Remember, it’s OK to say “no.” You don’t have to be the coach or snack-shack volunteer every season. Let yourself sit on the bench and cheer! Or if you can’t stand the thought of missing out, scale back your role. If you’ve coached the swim team multiple years in a row, let someone else have a turn while you fill a supporting role.

2. We have extra family time.

If you’ve found yourself longing for this kind of family connection all the time, rest assured it is possible (even during life as usual). Family memories can happen more often than the yearly vacation or occasional birthday party.

One way to continue the pandemic fun is to choose one night a week to have family night. It’s not important what you do together—serve popcorn and watch a movie, play a game, make a fire and roast marshmallows. But if family connection is going to make it into your post-COVID life, it has to be planned. Once it’s on the calendar, guard it. When someone asks if you can volunteer that night, say, “I’m sorry, I have plans.”

3. We’ve enjoyed extra connection with our spouses.

Like family time, if you enjoy more eye contact, physical touch, and your spouse’s company, you have to be intentional to keep it going. My husband and I have a weekly date night on Friday. This is actually something the pandemic has taken away from us, and we can feel the toll it has taken on our relationship.

During normal life circumstances, couples are prone to have conversations with their heads down, usually while looking at a phone or computer screen. Television often fills the room with sights and sounds, replacing human interaction. And community and church commitments, work schedules, even plans with friends and extended family all come between couple connection frequently.

If you’ve enjoyed the change to quieter times of connection, don’t let it get away from you. Put a regular event on the calendar just for your spouse. Like family time, couple time won’t magically appear after the quarantine. You have to plan for it if it’s going to survive the barrage of needs in the coming months.

4. We’ve discovered a sense of contentment.

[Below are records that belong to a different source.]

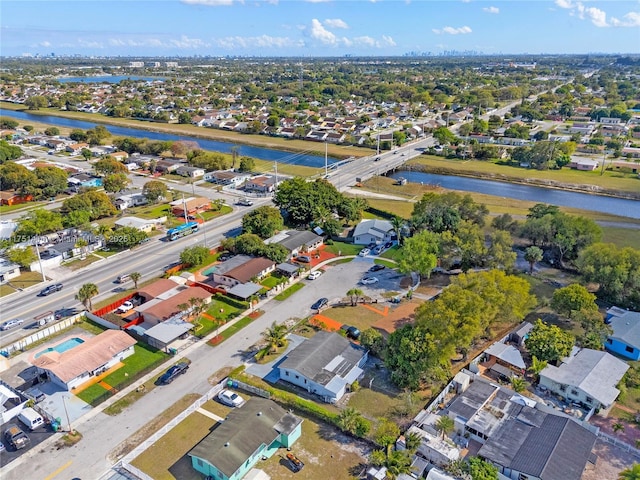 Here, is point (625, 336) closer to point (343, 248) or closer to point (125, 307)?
point (343, 248)

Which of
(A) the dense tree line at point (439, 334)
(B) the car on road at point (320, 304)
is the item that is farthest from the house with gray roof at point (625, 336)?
(B) the car on road at point (320, 304)

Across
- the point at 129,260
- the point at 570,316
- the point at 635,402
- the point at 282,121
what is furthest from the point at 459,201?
the point at 282,121

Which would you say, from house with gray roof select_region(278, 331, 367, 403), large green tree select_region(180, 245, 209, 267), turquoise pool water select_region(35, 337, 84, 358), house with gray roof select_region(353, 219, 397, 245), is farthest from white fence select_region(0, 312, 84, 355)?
house with gray roof select_region(353, 219, 397, 245)

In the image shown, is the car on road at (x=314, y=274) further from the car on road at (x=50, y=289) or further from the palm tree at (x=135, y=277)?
the car on road at (x=50, y=289)

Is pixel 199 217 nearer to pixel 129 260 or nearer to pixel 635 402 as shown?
pixel 129 260

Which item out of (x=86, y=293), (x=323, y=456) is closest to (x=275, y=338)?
(x=323, y=456)

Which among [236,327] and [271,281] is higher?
[271,281] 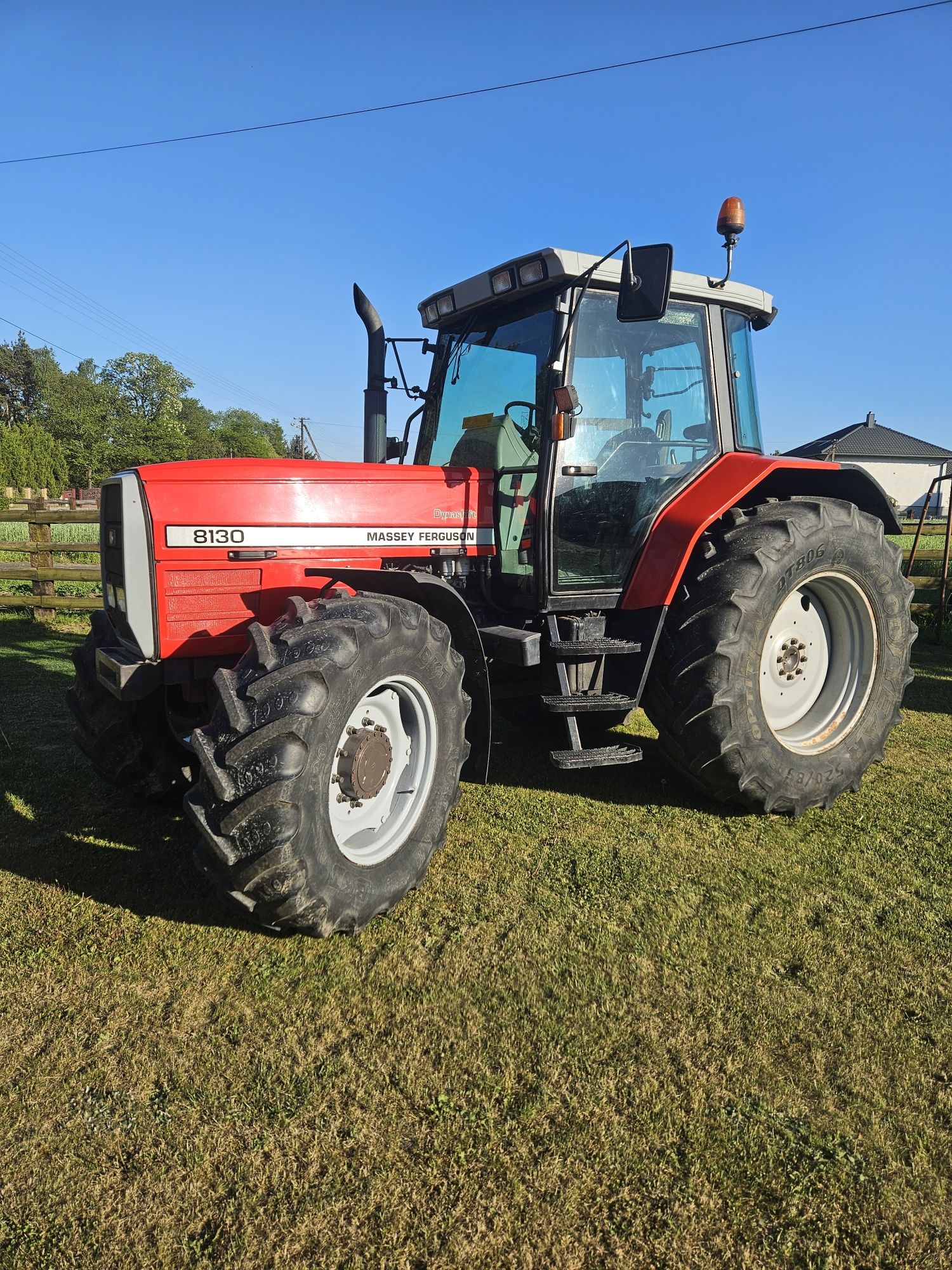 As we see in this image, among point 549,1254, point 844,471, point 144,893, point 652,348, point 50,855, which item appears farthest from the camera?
point 844,471

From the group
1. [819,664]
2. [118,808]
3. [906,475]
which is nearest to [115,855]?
[118,808]

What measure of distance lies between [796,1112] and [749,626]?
2.04 meters

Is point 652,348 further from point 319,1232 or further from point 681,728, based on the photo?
point 319,1232

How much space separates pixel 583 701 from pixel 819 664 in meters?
1.48

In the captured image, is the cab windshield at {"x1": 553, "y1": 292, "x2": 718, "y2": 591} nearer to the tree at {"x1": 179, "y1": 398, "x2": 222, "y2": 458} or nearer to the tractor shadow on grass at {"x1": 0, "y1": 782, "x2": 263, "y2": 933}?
the tractor shadow on grass at {"x1": 0, "y1": 782, "x2": 263, "y2": 933}

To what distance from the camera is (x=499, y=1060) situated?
224 cm

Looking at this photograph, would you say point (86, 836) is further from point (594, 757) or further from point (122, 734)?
point (594, 757)

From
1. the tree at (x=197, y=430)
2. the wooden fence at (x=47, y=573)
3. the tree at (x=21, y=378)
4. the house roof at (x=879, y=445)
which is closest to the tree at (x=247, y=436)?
the tree at (x=197, y=430)

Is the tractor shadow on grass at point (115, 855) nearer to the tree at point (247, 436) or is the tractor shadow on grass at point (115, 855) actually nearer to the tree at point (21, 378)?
the tree at point (247, 436)

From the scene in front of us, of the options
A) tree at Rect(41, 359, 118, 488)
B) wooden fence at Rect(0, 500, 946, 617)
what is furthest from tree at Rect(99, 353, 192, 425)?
wooden fence at Rect(0, 500, 946, 617)

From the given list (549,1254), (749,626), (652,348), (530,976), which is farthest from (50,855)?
(652,348)

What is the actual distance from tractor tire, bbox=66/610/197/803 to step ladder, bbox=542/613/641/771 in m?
1.70

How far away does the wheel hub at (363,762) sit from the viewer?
2.91 m

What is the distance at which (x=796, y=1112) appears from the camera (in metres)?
2.07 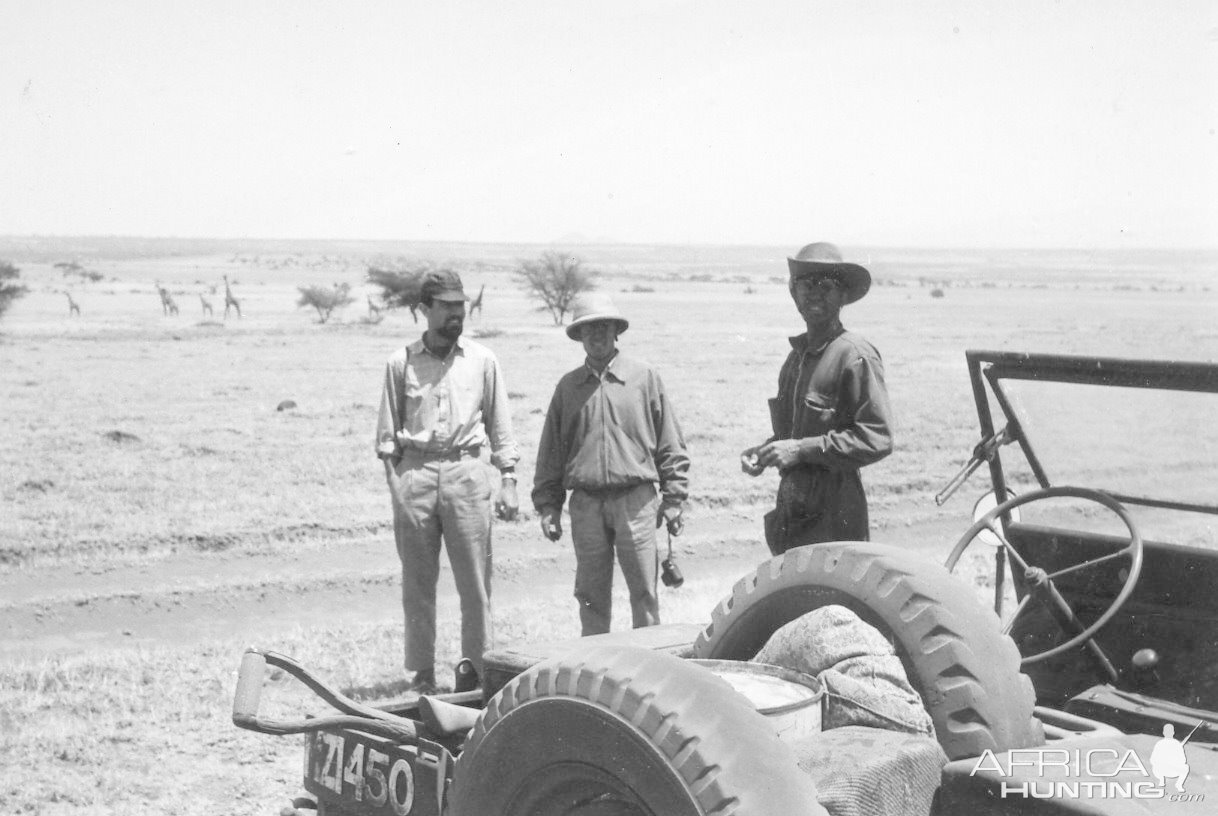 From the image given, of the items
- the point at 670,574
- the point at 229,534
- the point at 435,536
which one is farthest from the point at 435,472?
the point at 229,534

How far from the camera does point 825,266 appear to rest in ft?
15.1

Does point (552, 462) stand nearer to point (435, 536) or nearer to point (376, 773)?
point (435, 536)

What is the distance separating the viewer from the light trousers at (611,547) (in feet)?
18.4

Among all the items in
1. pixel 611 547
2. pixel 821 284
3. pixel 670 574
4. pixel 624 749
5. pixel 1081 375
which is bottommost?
pixel 670 574

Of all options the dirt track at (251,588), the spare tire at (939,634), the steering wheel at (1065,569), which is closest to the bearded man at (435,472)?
the dirt track at (251,588)

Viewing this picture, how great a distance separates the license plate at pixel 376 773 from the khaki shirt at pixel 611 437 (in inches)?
104

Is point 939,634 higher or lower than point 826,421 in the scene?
lower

Much of our time and money is spent shopping. One statistic shows approximately two-thirds of the U.S. gross domestic product (GDP) comes from retail consumption. One of the lessons I’ve learned from quarantine is I can scratch my itch for “something new” without spending money. Creativity goes a long way. By making something myself, it gives me a sense of accomplishment.

“Shopping” at home has also helped. Before I go online to buy, I look around the house to see if I have a suitable substitute. I have things in closets and hiding in the garage I didn’t even remember I had!

Learning to live with what I have has saved us a lot of money. By continuing with this change after stores reopen, we’ll reap the financial benefits in the long run.

5. The elephant in the room became unavoidable.

Many couples have perfected a dance around all the elephants lingering in their homes. It’s a lot easier to avoid them when everyone is coming and going. But lock everyone in the same house, and suddenly those elephants start stepping on toes.

Some homes may feel like they are in the midst of a stampede. Even though at times it may feel like you won’t survive, addressing those big issues actually gives your relationship longer life. Yes, it hurts. Yes, it will take some healing. But conflict resolution and communication are essential skills only learned through trial by fire.

Going forward, bring up the hard topics as soon as they appear. Just like cleaning house, a regularly “cleaned” relationship will be much easier to maintain. Think of this pandemic as a new starting point from which to move forward.

Changes and lessons learned

These are just a broad overview of some of the big changes and lessons I’m learning through the quarantine. Let me encourage you—evaluate your own life and look for how God has let your life be changed for the better. Give Him thanks for His provisions and the insights you’ve received.

Going through the COVID-19 pandemic has been difficult, but it has much wisdom to offer if we will learn from it. Proverbs 27:12 says, “The prudent sees danger and hides himself, but the simple go on and suffer for it.”

I don’t want to be foolish and not apply the knowledge I’ve gained about life. Let’s all allow God to use this situation to make our marriages and families stronger.